The Class of 2016 SGA Officers during graduation. In the past, boys have worn blue and girl have worn white. This year, everyone will be wearing blue.

By Thomas Atkinson and News Editor

As the new school year settles in, monumental changes have arisen, for our school, our county and even society as a whole. But how do students feel about these changes?
The Class of 2017 voted on to change the graduation robe colors. Instead of boys wearing blue and girls wearing white, everyone will now be wearing blue.
According to Principal Joan Benz, a proposal was set forth by members of the senior class who were passionate about this issue, and then given to Class of 2017 for a vote.
Some feel that graduation has always been hyper focused on seperating genders, and thus this change of tradition will lead to a more inclusive community at CHS, and make the graduation ceremony a safer space for everybody.

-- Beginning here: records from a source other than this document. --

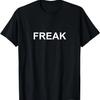 FREAK SLOGAN T-Shirt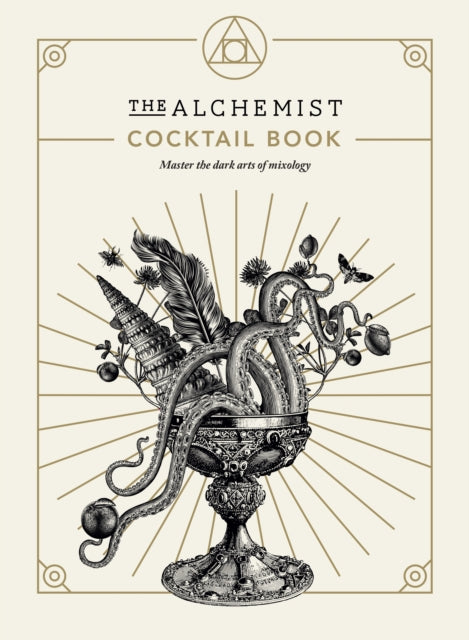 Alchemist Cocktail Book: Master the dark arts of mixology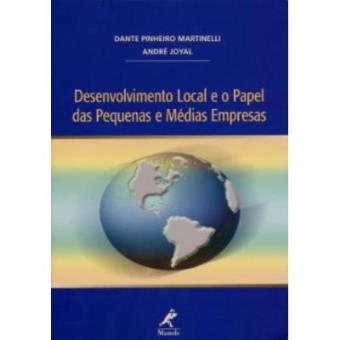 Desenvolvimento Local E O Papel Das Pequenas E Médias Empresas - 1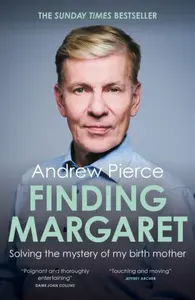 Finding Margaret: Solving the mystery of my birth mother - Andrew Pierce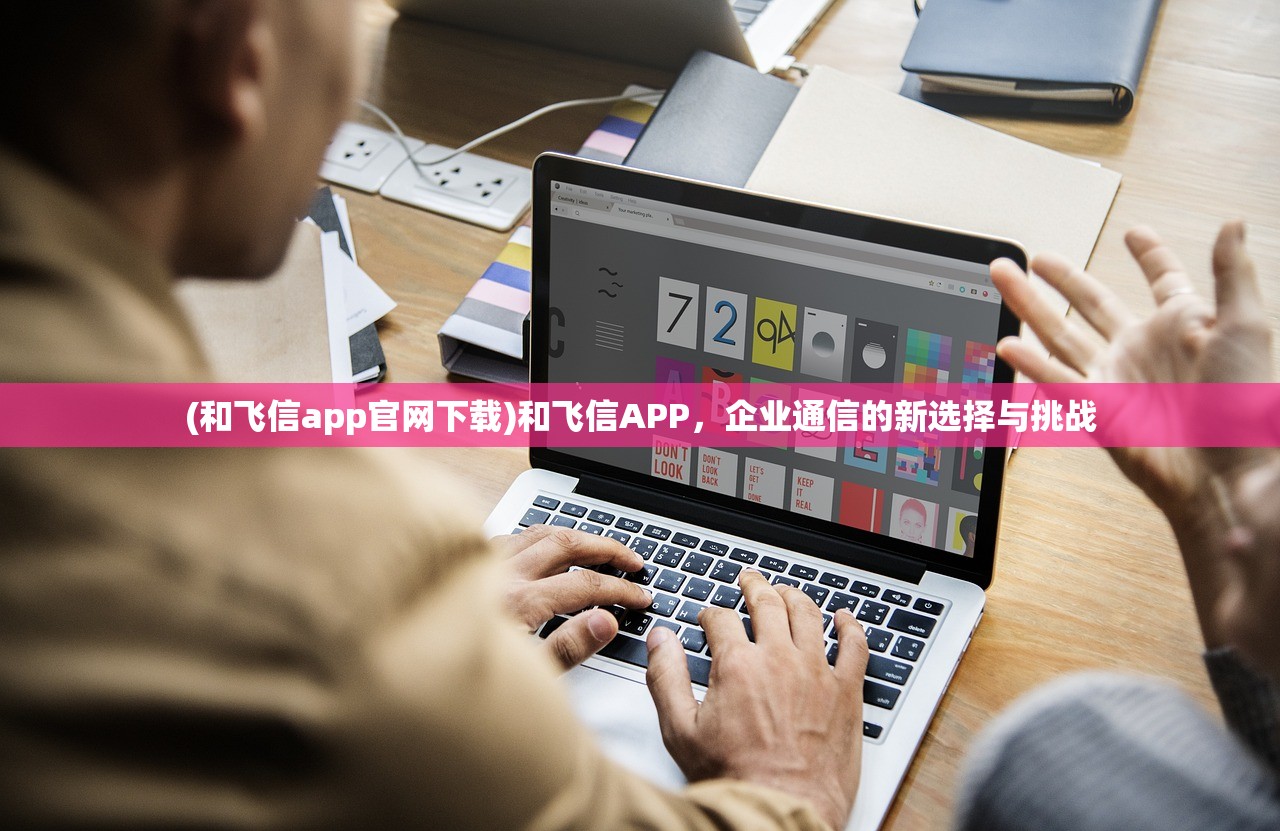 (和飞信app官网下载)和飞信APP，企业通信的新选择与挑战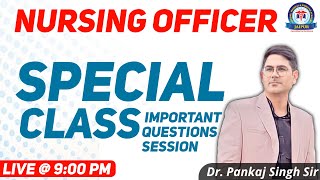 Nursing Officer Special Class By Dr Pankaj Singh Sir [upl. by Ahsuas725]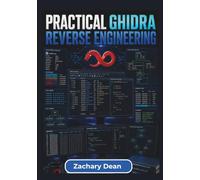 Practical Ghidra Reverse Engineering: Understand Software Structure, Interpret Executable Behavior, and Develop Practical Binary Analysis Skills ... and Hands-On Investigation Techniques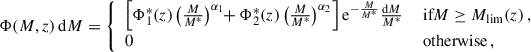 $$ \begin{aligned} \Phi (M,z) \, \mathrm{d} M = {\left\{ \begin{array}{ll} \left[ \Phi _1^*(z) \left( \frac{M}{M^*} \right)^{\alpha _1}\!\! + \Phi _2^*(z) \left( \frac{M}{M^*} \right)^{\alpha _2} \right] \mathrm{e} ^{-\frac{M}{M^*}} \frac{\mathrm{d} M}{M^*}&\text{ if} M \ge M_{\rm lim}(z)\,,\\ 0&\text{ otherwise}\,, \end{array}\right.} \end{aligned} $$
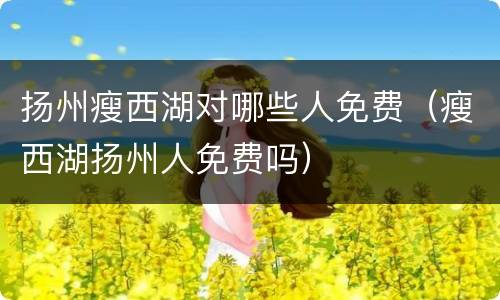 扬州瘦西湖对哪些人免费（瘦西湖扬州人免费吗）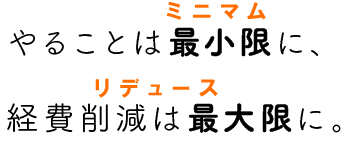 やることは最小限に、経費削減は最大限に。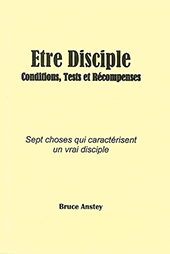 Être Disciple: Conditions, Tests etécompenses by Stanley Bruce Anstey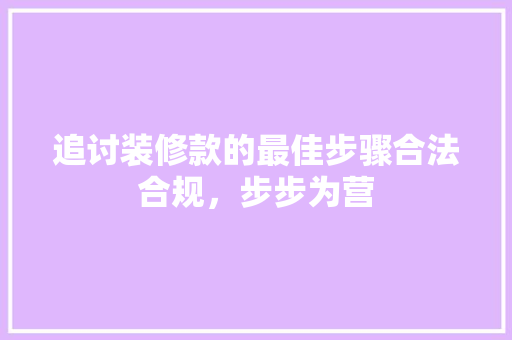 追讨装修款的最佳步骤合法合规，步步为营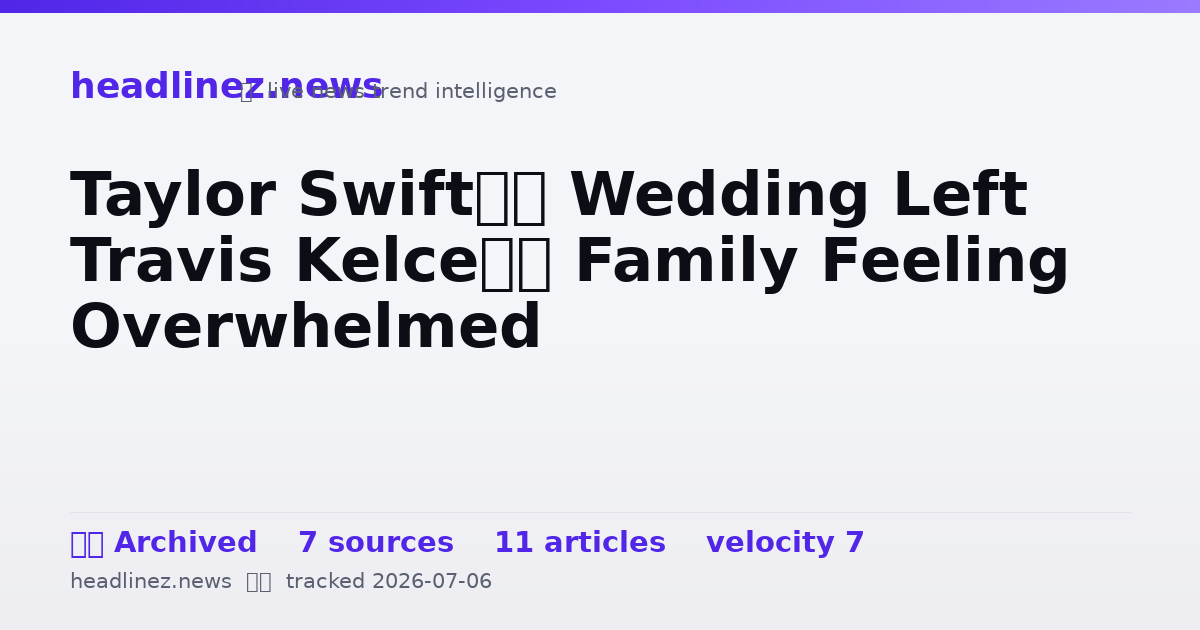 Visual summary for Taylor Swift’s Wedding Left Travis Kelce’s Family Feeling Overwhelmed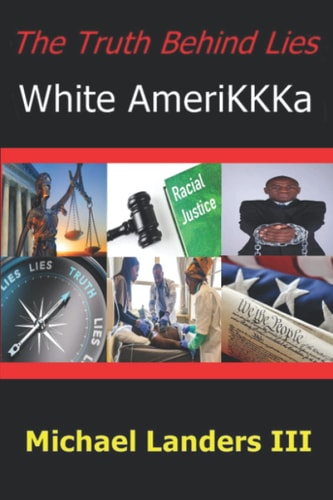 The Truth Behind Lies White AmeriKKKa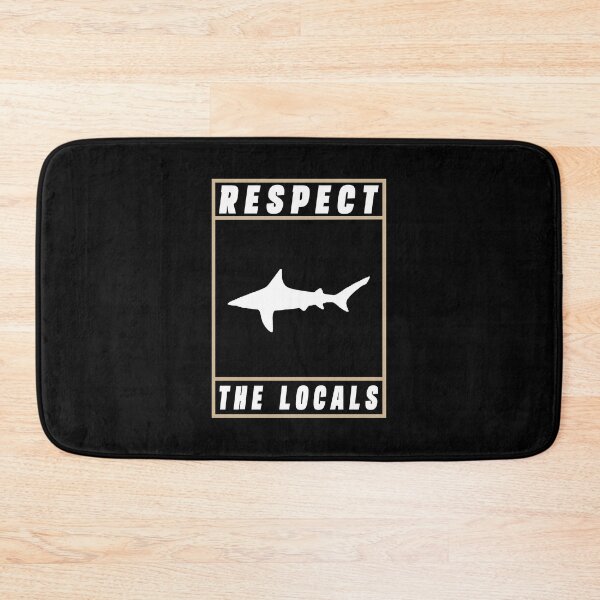 Item preview, Respect The Locals Shark, Shark Gifts for Shark Lovers, Cute Shark Gifts designed and sold by Stixdesigns.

“Gender identity is a big issue,” senior Noah Bach said. “When you struggle with gender identity and are put into a box your whole life, you would kill for one hour where you don’t have to feel that way.”
However many members of the student body believe that one graduation robe color for all seniors is disrupting CHS tradition. In an informal poll of 360 students conducted by the Observer, an overwhelming 81 percent do not like the change, while just 19 percent of students believe the robes should be one color.

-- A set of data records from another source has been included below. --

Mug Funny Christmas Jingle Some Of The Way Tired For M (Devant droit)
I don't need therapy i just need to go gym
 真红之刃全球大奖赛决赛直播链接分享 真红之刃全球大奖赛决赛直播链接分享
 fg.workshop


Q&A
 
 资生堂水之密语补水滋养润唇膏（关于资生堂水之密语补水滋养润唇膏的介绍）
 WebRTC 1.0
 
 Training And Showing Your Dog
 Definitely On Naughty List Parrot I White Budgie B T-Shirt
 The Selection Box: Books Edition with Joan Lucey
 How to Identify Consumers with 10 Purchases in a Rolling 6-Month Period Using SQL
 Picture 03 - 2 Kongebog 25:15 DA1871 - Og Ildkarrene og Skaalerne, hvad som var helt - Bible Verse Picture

“We should take every opportunity to allow students to differentiate from one another and emphasize what makes them unique, rather than promote unity by taking those opportunities away,” Senior Joshua* said.
According to Joshua, the robes also represent a long standing tradition at CHS, and some graduates will lose the sense of nostalgia if their graduation process is different than their friends and siblings.

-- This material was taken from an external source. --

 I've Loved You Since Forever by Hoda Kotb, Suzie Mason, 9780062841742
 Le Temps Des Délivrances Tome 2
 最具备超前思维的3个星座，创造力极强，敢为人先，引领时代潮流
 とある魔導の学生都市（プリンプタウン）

In addition to the tradition of multi colored graduation robes, a major concern for seniors is how this change will disrupt their photos and outfits on graduation day.
Many senior girls have already taken their senior portraits in white gowns, which now will not match what they wear on the actual day.
“I paid $60 for these portraits and I think these portraits should match what I wear on May 30,” senior Izzy Rayner said.
Also many girls have already bought their dresses for the special day.
“I’ve had my graduation dress picked out for a while
because that day is really important to me,” senior Jessica said* “Everyone that I have talked to is bummed about the change because we won’t be able to participate in the same tradition as our siblings and older friends.”
With such an overwhelming response against the robe change in the poll, many are left wondering about the integrity of the vote conducted by administration.
However, according to senior administrator Doreen Brandes, additional procedures were taken to ensure voter fraud was impossible.
“It was suspect if people voted very close in time, so the tech people negated the first 40 votes in order to ensure you couldn’t vote twice.” Brandes said.
According to Brandes, it was brought to her attention that many people missed out on the opportunity to vote, but due to the extensive promotion of this poll on the Daily Dose, voting was solely the student’s choice and responsibility.
“We want everybody to be a part since it’s the senior class’s decision, and that’s why there was vote,” Brandes said.
This dispute over the robe colors has left the senior class divided, with arguments breaking out in the Class of 2017 Facebook group.
“Churchill is a diverse school, but we do not have a single student who does not identify as a gender, so to make an unpopular rule change seems trivial and unnecessary,” SGA President Ben Birnbach said.
Regardless of whether people agree with the color change or not, this pressing change is representative of the bigger change occurring in our county.
Many schools have set precedent before CHS, promoting gender-neutral policies, whether it be at homecoming or graduation. BCC has recently eliminated the notion of a homecoming king or queen, and replaced it with a gender-neutral “homecoming court.”
In fact, MCPS recommends that “schools should consider gender neutral dress codes for class or yearbook photos, honor society ceremonies, graduation ceremonies, or dances.”
“Primarily in Montgomery County, there are very few schools now where people wear more than one color” Principal Joan Benz said. “People feel now as time has evolved that there’s less identification process if everybody wears the same color.”